The Argument Interchange Format (AIF) is an international effort to develop a representational mechanism for exchanging argument resources between research groups, tools, and domains using a semantically rich language. AIF traces its history back to a 2005 colloquium in Budapest. The result of the work in Budapest was first published as a draft description in 2006. Building on this foundation, further work then used the AIF to build foundations for the Argument Web.

AIF-RDF is the extended ontology represented in the Resource Description Framework Schema (RDFS) semantic language.

The Argument Interchange Format introduces a small set of ontological concepts that aim to capture a common understanding of argument -- one that works in multiple domains (both domains of argumentation and also domains of academic research), so that data can be shared and re-used across different projects in different areas.
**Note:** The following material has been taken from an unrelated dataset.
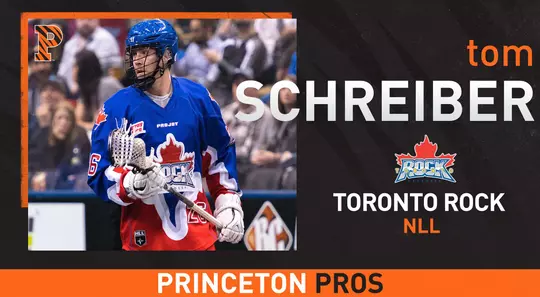 Tom Schreiber princeton pros graphic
These ontological concepts are:
 Information (I-nodes)
 Applications of Rules of Inference (RA-nodes)
 Applications of Rules of Conflict (CA-nodes)
 Applications of Rules of Preference (PA-nodes)
extended by:
 Schematic Forms (F-nodes) that are instantiated by RA, CA and PA nodes

The AIF has reifications in a variety of development environments and implementation languages including
 MySQL database schema
 RDF
 Prolog
 JSON
as well as translations to visual languages such as DOT and SVG.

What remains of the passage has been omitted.